Reliable Reconnect

DiffusionTM communication is composed of discrete messages. Each client sends various types of message to its server, and separately receives messages from the server. There are messages that carry new values for subscribed topics; application messages sent using the messaging API; and service messages that implement API features. All Diffusion’s protocols assure message delivery while a client remains connected to a server.

Diffusion achieves exceptional data rates by keeping messages in memory and not persisting them to disk. The trade-off for high performance is that messages can be lost if a client or server process crashes, or there is a network failure between client and server.

This article covers how Diffusion protects against message loss in the event of network failure, including the Diffusion 5.8 feature – Reliable Reconnection. Reliable Reconnection ensures that if a network connection is lost, a client session will either establish a new connection to the server with no message loss, or message loss will be detected and the session will be closed.

Connections and Reconnection

The server has a queue of messages to be delivered in order for each of its client sessions. Similarly, each client has a separate queue of messages to be delivered in order to the server. Depending on the protocol, each client maintains one or many long-lived TCP connections to a server. The WebSocket protocol uses a single bi-directional connection. HTTP long-polling protocols use a connection for messages from server to client, and a separate connection for messages from client to server.

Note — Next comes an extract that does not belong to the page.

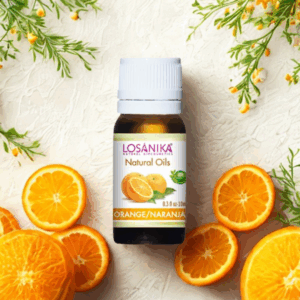 Aceite Esencial de Naranja - 10mL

Connections can fail and be re-established without loss of a session – a process known as reconnection. Reconnection is configured on the server, and further controlled by the reconnection strategy of the client’s session factory. The server configuration determines the reconnection timeout – a limit on how long the server will maintain a session for a disconnected client. If the client fails to reconnect before the reconnection timeout expires, the server will close the session. Reconnection can be disabled by setting the timeout to 0.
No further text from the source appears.